Quando nel 2030, 2 miliardi di persone si saranno trasferite in città, queste subiranno un impatto senza precedenti sulle infrastrutture e le risorse esistenti, soprattutto per quanto riguarda l'approvvigionamento idrico. Le dieci città piu' popolose al mondo saranno Tokyo (37.2 milioni), Delhi (36.1 milioni), Shanghai (30.8 milioni), Mumbai (27.8 milioni), Pechino (27.7 milioni), Dacca (27.4 milioni), Karachi (24.8 milioni), Il Cairo (24.5 milioni), Lagos (24.2 milioni) e Città del Messico (23.9 milioni). Ma ogni città avrà di che preoccuparsi.

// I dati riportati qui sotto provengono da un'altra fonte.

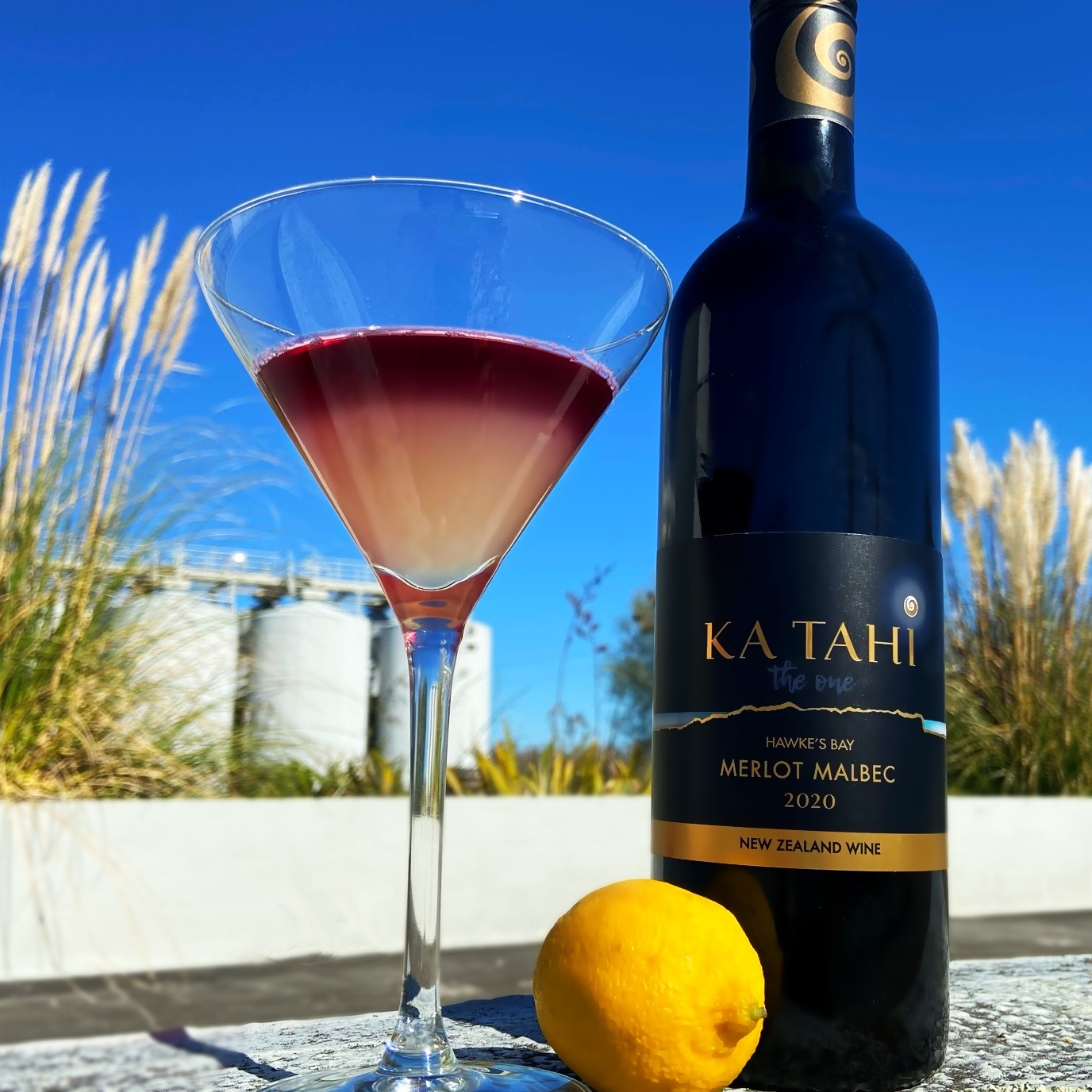 Ka Tahi Wines & Rangatira Reserve Devil's Margarita Cocktail Recipe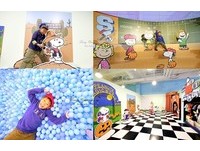 全台首座史努比亲子乐园！蓝色溜滑梯球池、还能大玩变装秀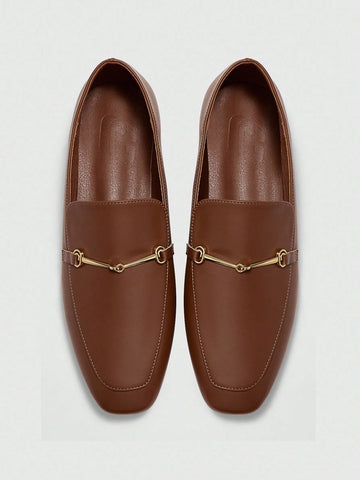 MOTF PREMIUM SQUARE TOE COMFORTABLE WOMEN'S FLAT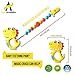 Baby Teething Toys Set 3 in 1 Croco Silicone Teether Toy + Pacifier Clip with Beads + Hygienic Travel Box | Highly Effective Chew Egg Teether BPA Free | Best Teething Toy 3-12 months|Freezer Safe|
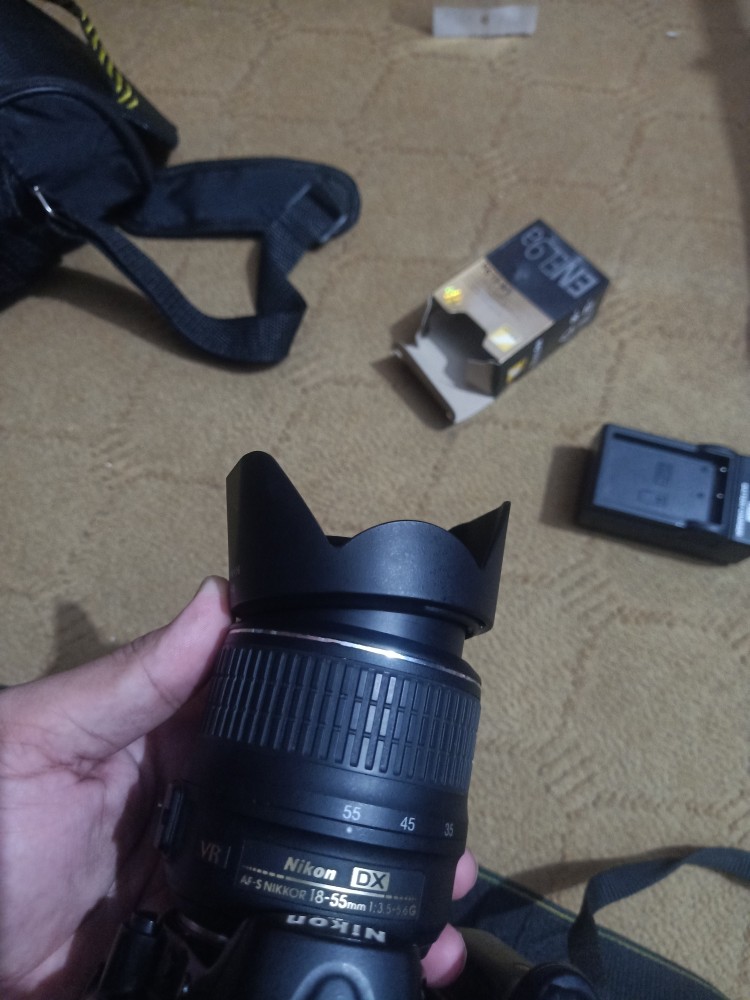 Nikon AF-S 18-55mm F/3.5-5.6 VR II | Nikon 18-55 VR II | Lens Nikon 18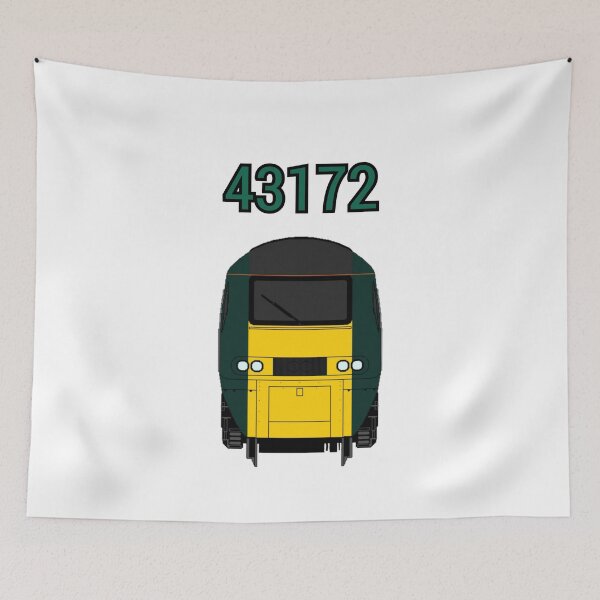 Item preview, Class 43 hst 43172 designed and sold by TrainFanatic.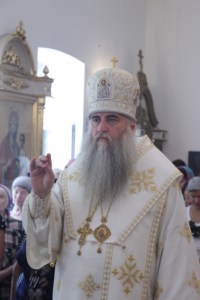 Божественная литургия в храме во имя равноапостольной Марии Магдалины города Саратова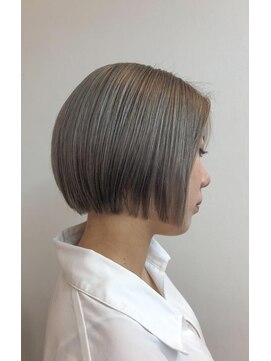 ヘアアンドアイラッシュ ココアンジェ くりえいと宗像店(Coco Ange) ミニボブ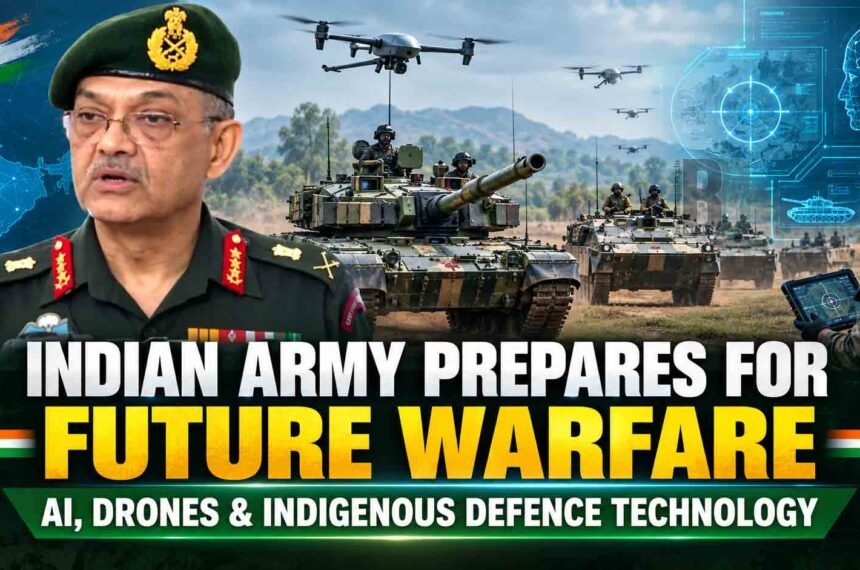 Indian Army Focuses on Upgrading Existing Combat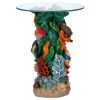 The Great Barrier Reef Glass Top Table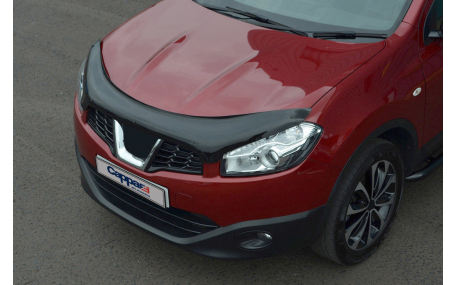 Дефлектор капота Nissan Qashqai J10 2010-2013
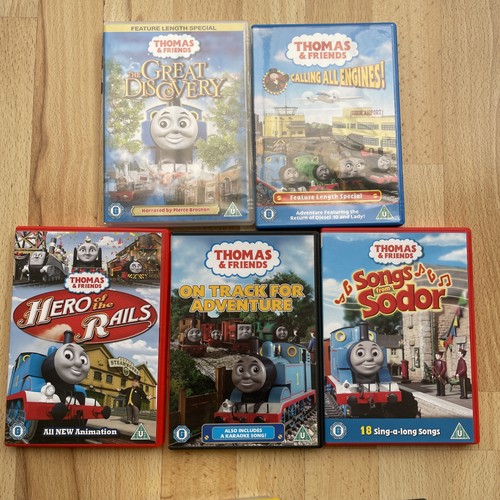 Thomas friends dvd bundle - dvd,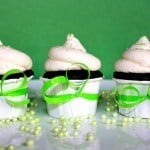 Mini Chocolate Raspberry Cupcakes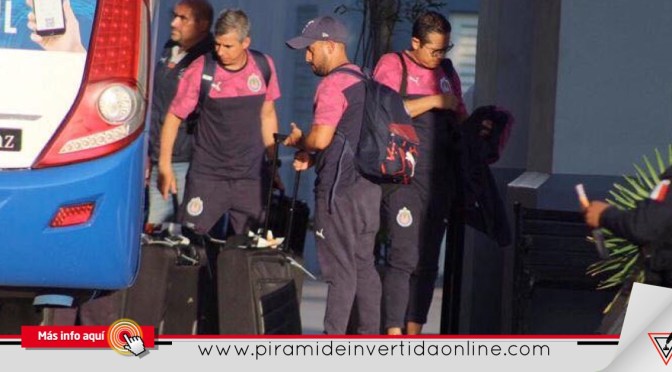 PGJ investiga robo de pertenencias a integrantes del equipo de fútbol Chivas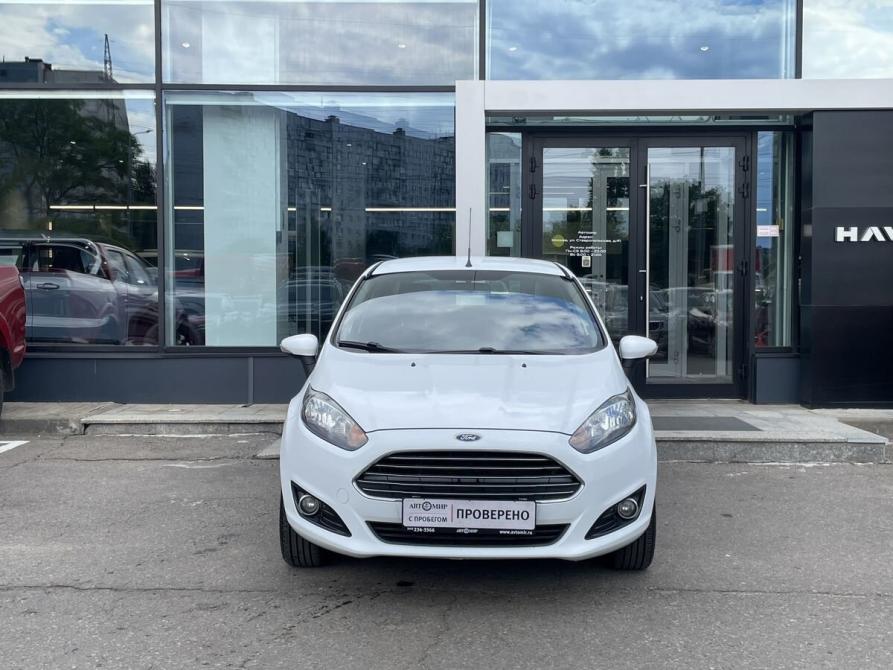 Ford Fiesta Mk6 Рестайлинг Москва  - изображение 2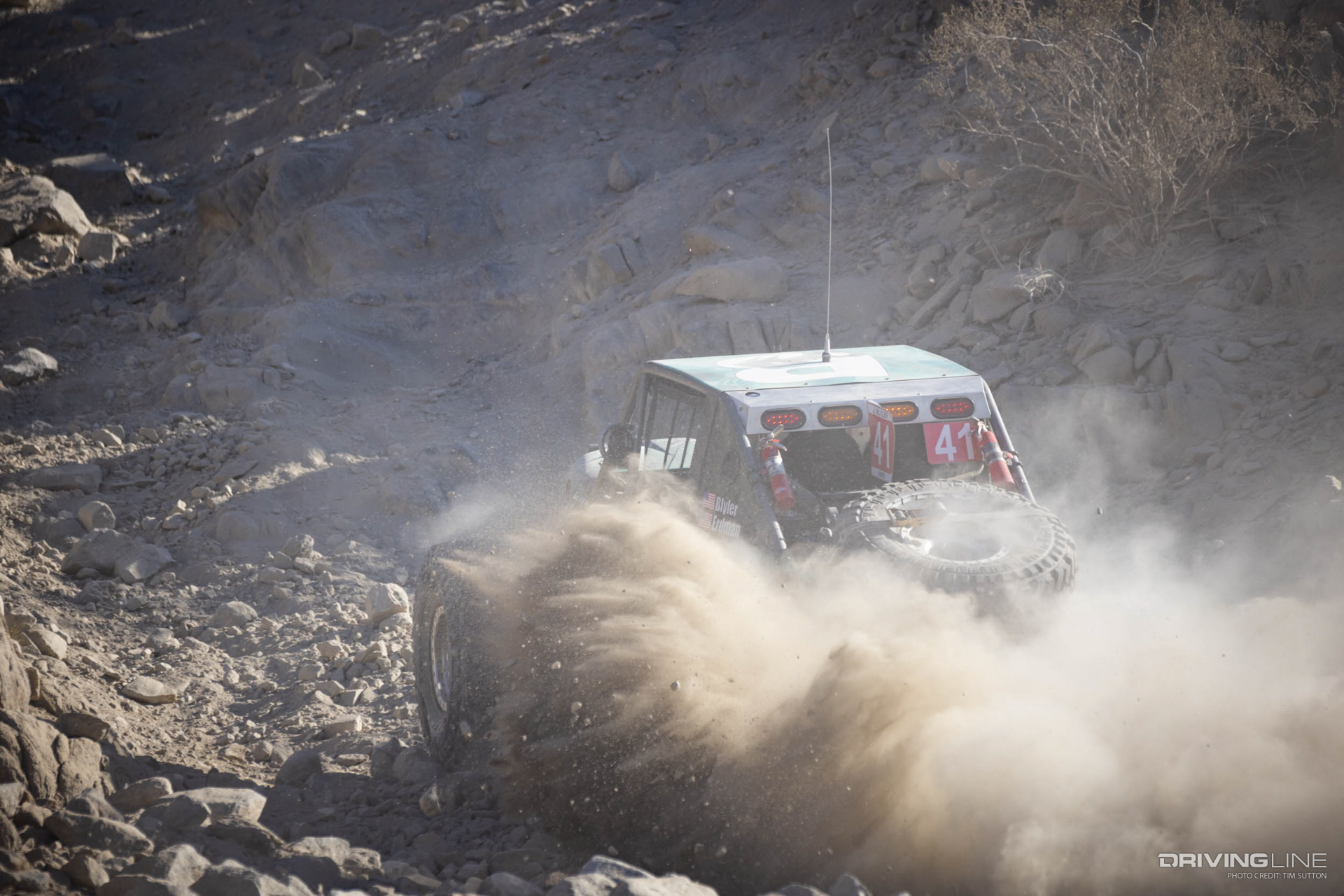 Josh Blyler off-road racing in Nitto Race of Kings 2023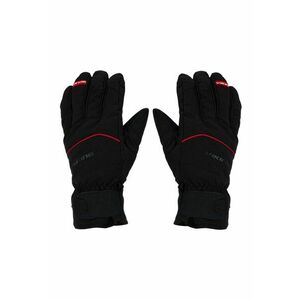 Manusi de ski barbati - Solven - Poliester - Negru/Rosu - imagine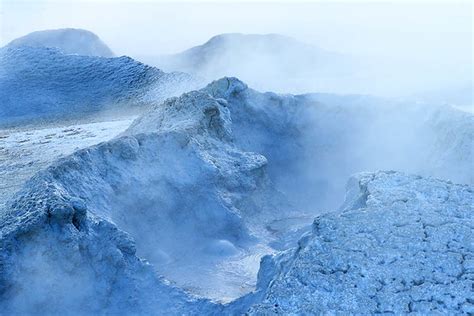 geothermal field namajfall iceland photo  charlotte flickr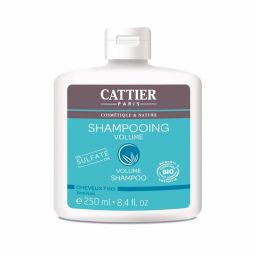 Shampoing Volume 0% Sulfate Cheveux Fins 250ml CATTIER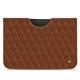 Lederschutzhülle Apple iPad Pro 12.9" (2018) - Marron - Couture ( Nappa - Pantone 1615C )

Nell'evento “Il ripristino della natura e le politiche climatiche nelle città”, organizzato il 14 maggio dall’ASviS con il patrocinio del Comune di Bologna nell’ambito del Festival dello Sviluppo Sostenibile, la Presidente di Nuove Ri-Generazioni, Rossella Muroni ha spiegato che nonostante la Nature restoration law, a livello europeo, non abbia completato l’iter di approvazione legislativo, il recupero degli ambienti naturali rimane centrale per la resilienza delle metropoli. Pierluigi Stefanini, Presidente dell’ASviS, ha ribadito il fatto che è indispensabile "aumentare il grado di progetto sistemico di tutti i soggetti che possono concorrere a realizzare l’Obiettivo 11 [“Città e comunità sostenibili”, ndr] dell’Agenda 2030”. Per esempio, in Italia non basta che abbiano aderito nove città italiane alla Missione Ue per il raggiungimento della neutralità climatica, è necessario che tutte le città della penisola diventino sostenibili. Alessandro Bratti, Segretario generale dell’Autorità di bacino distrettuale del fiume Po, ha poi spiegato che: "Se da un lato è necessaria la pianificazione, introducendo elementi che rafforzino la difesa idraulica dell’ambiente, dall’altro dobbiamo riportare il più possibile uno stato di conservazione più di carattere naturalistico, che produca un’azione di conservazione della biodiversità”.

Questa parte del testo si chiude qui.